Reflexões sobre a Fé como ato do Intelecto

A fé é apreensão intelectual, iluminada e inspirada pelo Espírito Santo, da Revelação Divina proposta pela Igreja, em virtude da autoridade de Deus que revela, a qual foi transmitida por Jesus aos Apóstolos e seus Sucessores.

Mas antes de uma adesão aos conteúdos revelados, há uma adesão ao “Revelador”, um reconhecimento de que Ele tem autoridade sobre minha vida – e de que essa autoridade foi transmitida ao Magistério da Igreja; por isso se fala de “obediência da fé”. É uma espécie de reconhecimento de que “Deus é Deus”, e que diante d’Ele não há alternativa que não seja a da humilde submissão de todo nosso ser; ao mesmo tempo um reconhecimento do amor de Deus, “que nos compele” (2Cor 5,14); não se trata de uma autoridade “opressiva”, mas de alguém que se “impõe” por seu amor.
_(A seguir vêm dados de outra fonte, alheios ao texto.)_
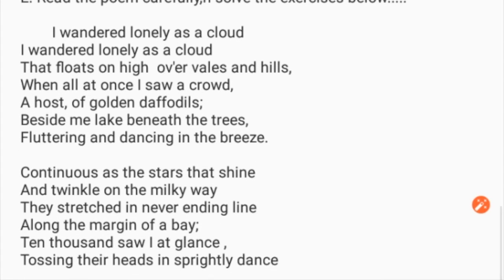Friends, I am now reading a poem for you. After this, you can solve the exercise. 'I wandered lonely as a cloud that floats on high over vales and hills. When all at once I saw a crowd, a host of golden daffodils beside the lake, beneath the trees, fluttering and dancing in the breeze.'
Conseqüentemente, é um reconhecimento de que “a Revelação é Revelação” (e não uma invenção humana dos “padres”, etc.), para que possa ser, então, reconhecimento dos conteúdos concretos dessa Revelação – o que falta aos não crentes não é o conhecimento do Catecismo (que eles poderiam ler), mas a aceitação de que esses conteúdos são verdadeiramente revelados por Deus enquanto merecedor de credibilidade. Esse reconhecimento nos abre à confiança nas promessas divinas referentes ao futuro (nos abre à virtude teologal da Esperança); e a uma atuação em conformidade com Aquele que reconheço como Amor e de cujo amor participo (nos abre à virtude teologal da caridade).

A fé é um conhecimento, antes de tudo, pessoal, como o conhecimento que temos de um amigo: não dizemos que conhecemos um amigo apenas quando tomamos conhecimento “somos informados” das coisas que ele nos conta; mas quando, de um certo modo, participamos de sua vida, de tal modo que praticamente chegamos a “apalpar” seus relatos pessoais, entramos na intimidade dele, o conhecemos “por dentro” (etimologicamente, “inteligir” é “ler dentro”; não é um conhecimento meramente teórico, mas uma “intimação” com a realidade). Um conhecimento, por assim dizer, “amoroso”, que nos leva à atitude de nos “fiar” nessa pessoa (Fé como fiabilidade); eu conheço o Amor de Deus e por isso me fio naquilo que Ele diz: os Mistérios que revela (Fé propriamente dita); também suas promessas (Esperança); e o sentido de nossas vidas (Amor).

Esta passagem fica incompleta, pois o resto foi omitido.